▶ PROBLEM TO SOLVE
The material below holds a span beginning at the line with "Load image into" and ending at the line with "Хэтчбек Renault Zoe 2016 в". Quote that span exactly, both ends included, and only that span.

▶ DATA EXCERPTS
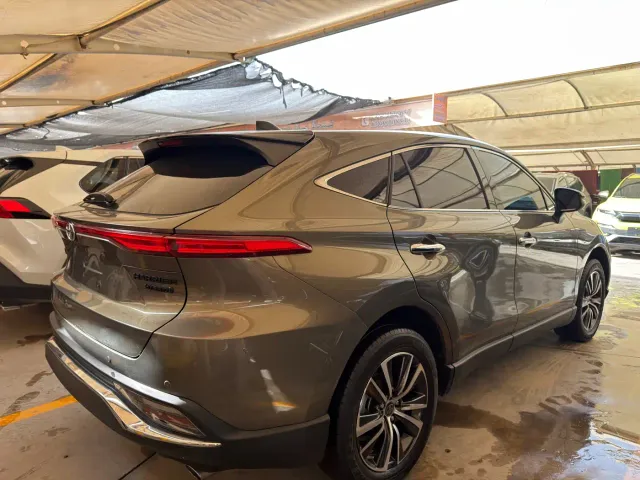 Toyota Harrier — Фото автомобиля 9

...

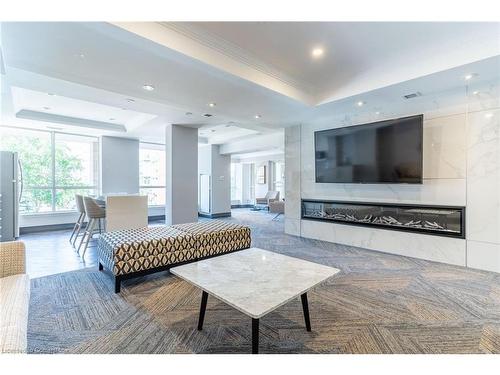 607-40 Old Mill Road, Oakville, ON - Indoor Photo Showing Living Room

==

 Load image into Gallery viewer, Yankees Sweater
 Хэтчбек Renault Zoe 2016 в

▶ ANSWER FOR THIS EXERCISE
 Load image into Gallery viewer, Yankees Sweater
 Хэтчбек Renault Zoe 2016 в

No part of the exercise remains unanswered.